### Task objective:
Locate the line with "Rangovo ir užsakovo" in the material. Copy that line and each one after it, through the last, exactly and with nothing else.

### Supplied data:

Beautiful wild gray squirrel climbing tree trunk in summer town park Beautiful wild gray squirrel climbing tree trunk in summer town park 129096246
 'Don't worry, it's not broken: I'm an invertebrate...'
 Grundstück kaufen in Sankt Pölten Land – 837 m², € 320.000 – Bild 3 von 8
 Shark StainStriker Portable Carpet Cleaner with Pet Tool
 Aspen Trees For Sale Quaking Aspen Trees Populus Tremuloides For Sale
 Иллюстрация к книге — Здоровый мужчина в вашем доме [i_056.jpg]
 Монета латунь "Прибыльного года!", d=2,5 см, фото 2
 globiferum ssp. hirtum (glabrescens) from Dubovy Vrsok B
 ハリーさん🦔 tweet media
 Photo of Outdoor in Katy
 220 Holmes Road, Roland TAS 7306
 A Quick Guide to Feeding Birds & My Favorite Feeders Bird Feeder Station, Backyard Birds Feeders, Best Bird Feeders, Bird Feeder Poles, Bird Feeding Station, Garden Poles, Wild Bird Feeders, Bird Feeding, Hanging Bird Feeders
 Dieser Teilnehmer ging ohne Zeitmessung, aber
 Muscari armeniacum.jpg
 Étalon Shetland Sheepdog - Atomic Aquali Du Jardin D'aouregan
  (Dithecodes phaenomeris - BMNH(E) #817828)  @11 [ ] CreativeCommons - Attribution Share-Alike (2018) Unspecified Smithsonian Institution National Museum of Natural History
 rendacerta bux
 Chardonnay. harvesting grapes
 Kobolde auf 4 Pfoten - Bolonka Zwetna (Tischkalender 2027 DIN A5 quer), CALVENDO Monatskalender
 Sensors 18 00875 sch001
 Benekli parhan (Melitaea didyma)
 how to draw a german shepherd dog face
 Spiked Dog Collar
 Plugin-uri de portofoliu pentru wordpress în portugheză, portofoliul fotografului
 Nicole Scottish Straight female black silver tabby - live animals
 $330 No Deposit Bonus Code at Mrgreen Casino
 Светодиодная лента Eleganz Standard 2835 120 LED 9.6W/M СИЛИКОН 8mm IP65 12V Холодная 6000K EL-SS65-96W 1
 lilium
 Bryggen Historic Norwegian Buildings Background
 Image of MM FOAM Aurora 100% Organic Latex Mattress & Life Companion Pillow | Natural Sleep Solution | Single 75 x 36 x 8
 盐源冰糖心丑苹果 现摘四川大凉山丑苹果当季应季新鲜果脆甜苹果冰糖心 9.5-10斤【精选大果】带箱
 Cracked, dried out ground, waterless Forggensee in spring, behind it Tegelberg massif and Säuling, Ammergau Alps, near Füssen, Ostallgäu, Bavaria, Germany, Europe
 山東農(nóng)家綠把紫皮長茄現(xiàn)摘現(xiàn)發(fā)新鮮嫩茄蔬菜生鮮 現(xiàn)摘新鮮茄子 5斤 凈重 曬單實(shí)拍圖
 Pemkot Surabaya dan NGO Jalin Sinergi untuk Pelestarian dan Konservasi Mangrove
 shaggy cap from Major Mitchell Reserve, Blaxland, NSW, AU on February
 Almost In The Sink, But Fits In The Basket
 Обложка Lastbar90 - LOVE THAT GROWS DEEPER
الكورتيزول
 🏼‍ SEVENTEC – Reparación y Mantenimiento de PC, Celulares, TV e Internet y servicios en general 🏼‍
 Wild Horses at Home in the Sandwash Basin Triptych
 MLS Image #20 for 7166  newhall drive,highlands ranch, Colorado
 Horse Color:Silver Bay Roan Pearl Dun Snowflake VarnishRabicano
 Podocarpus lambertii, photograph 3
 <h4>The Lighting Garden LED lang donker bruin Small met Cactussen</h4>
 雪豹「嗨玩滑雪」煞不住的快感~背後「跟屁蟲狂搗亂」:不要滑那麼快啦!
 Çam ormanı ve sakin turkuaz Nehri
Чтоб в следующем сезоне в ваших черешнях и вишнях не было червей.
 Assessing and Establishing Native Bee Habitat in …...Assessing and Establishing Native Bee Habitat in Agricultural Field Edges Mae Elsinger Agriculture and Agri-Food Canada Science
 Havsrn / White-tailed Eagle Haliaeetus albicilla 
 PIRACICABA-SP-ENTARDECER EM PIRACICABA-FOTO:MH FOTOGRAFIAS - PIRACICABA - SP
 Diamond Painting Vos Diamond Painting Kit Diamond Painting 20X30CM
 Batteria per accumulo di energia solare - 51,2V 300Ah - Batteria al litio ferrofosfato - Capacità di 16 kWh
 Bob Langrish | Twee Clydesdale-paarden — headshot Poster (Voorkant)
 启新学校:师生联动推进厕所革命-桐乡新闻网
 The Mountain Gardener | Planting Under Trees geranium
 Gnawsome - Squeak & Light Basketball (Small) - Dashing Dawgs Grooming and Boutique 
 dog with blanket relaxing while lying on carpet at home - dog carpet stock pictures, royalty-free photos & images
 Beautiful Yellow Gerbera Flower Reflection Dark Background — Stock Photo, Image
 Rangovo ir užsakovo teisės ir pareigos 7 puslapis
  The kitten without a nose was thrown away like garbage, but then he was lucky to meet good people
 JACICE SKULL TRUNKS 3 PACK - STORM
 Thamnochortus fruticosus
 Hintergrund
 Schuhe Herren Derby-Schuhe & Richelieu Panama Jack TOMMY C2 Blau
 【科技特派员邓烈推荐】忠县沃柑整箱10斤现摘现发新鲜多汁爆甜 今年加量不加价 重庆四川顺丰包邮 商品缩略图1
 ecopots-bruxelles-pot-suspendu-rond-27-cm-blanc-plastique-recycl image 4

### Answer to the problem:
 Rangovo ir užsakovo teisės ir pareigos 7 puslapis
  The kitten without a nose was thrown away like garbage, but then he was lucky to meet good people
 JACICE SKULL TRUNKS 3 PACK - STORM
 Thamnochortus fruticosus
 Hintergrund
 Schuhe Herren Derby-Schuhe & Richelieu Panama Jack TOMMY C2 Blau
 【科技特派员邓烈推荐】忠县沃柑整箱10斤现摘现发新鲜多汁爆甜 今年加量不加价 重庆四川顺丰包邮 商品缩略图1
 ecopots-bruxelles-pot-suspendu-rond-27-cm-blanc-plastique-recycl image 4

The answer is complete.